# Black day in New Zealand



## kiwi (Mar 15, 2019)

Today white supremacists carried out an unspeakable mass murder of muslims here. 49 are dead. This is the most horrifying thing ever to occur in this country. I have lost faith in my fellow humans. RIP. Peace and love to the victims and their families.


----------



## eds (Mar 15, 2019)

Terrible news. I can't think of a part of the world now not affected by extremist terrorists of some kind. My thoughts are with the families of all the victims and how we get back to being a more tolerant world as that seems to be slipping away from so many.


----------



## musa (Mar 15, 2019)

I heared about it in the morning News and was shocked.

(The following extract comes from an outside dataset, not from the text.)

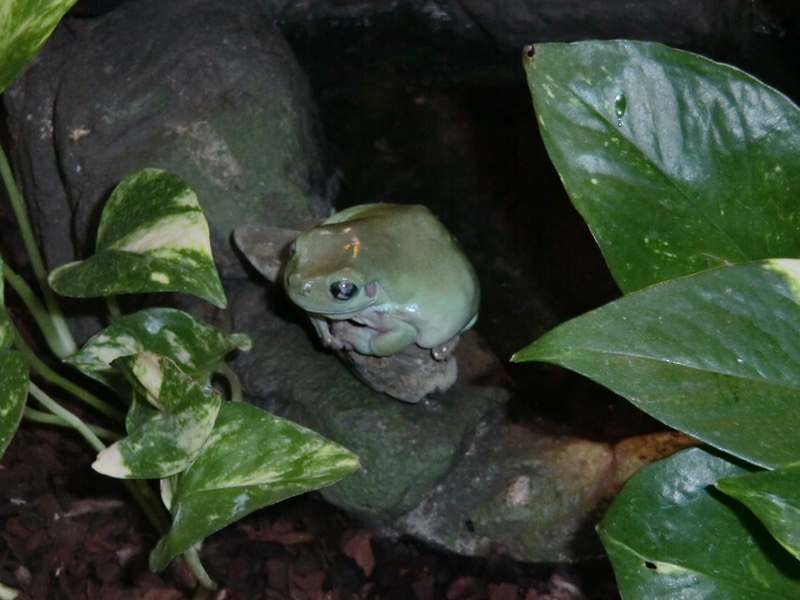 Korallenfingerlaubfrosch im Wuppertaler Zoo am 21. Januar 2012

Victims and theír families have all my compation.
Don't lose yout faith in your fellow humans because of some crazy idiots, for humanity is the only thing that will help us!


----------



## kiwi (Mar 15, 2019)

The worst thing about this is that the people chose to come to New Zealand to carry out this act because they wanted to show that nowhere around the world is safe. So we were targeted because we are considered a safe place to live.


----------



## Wendy (Mar 15, 2019)

My heart goes out to the victims and their families. Why can’t people get along....this kind of behaviour sickens me. And with the current world situation it will probably get worse. I don’t understand the hate.


----------



## Ozpaph (Mar 15, 2019)

we grieve with you, Kiwi


----------



## Tom-DE (Mar 15, 2019)

kiwi said:


> The worst thing about this is that the people chose to come to New Zealand to carry out this act because they wanted to show that nowhere around the world is safe. So we were targeted because we are considered a safe place to live.

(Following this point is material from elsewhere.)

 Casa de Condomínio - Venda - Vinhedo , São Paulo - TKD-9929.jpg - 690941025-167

I agree that is the worse thing!

NZ is a great country and I hope I will visit it someday soon. God bless!


----------



## ehanes7612 (Mar 16, 2019)

Best thing to do is support entities like Southern Poverty Law Center. They track hate groups and their activities. Don't allow these groups/individuals to have a platform for their hate. Drown out their voices any chance you get with your own voice.


----------



## abax (Mar 16, 2019)

I hardly know what to say, except that I'm so sorry for both the nation
and the individuals. The world is full of fools with a grudge...and too
many guns.


----------



## Berthold (Mar 17, 2019)

I am very sorry but hopelessly lost extremist of religions exist on both sides


----------



## ehanes7612 (Mar 18, 2019)

Berthold said:


> I am very sorry but hopelessly lost extremist of religions exist on both sides



Southern Poverty Law Center tracks all extremist groups


----------



## Berthold (Mar 19, 2019)

ehanes7612 said:


> Southern Poverty Law Center tracks all extremist groups


But religion influenza on human beings is stronger

"After the mosque attacks in New Zealand, the terrorist militia Islamic State (IS) announced retaliation. The "leaders of the infidels" had shed only the crocodile tears on the victims of the "massacre" said IS spokesman Abu al-Hassan al-Muhadschir in an audio message. However, the killing scenes from the two mosques spurred IS supporters to avenge their religion and their fellow believers."


----------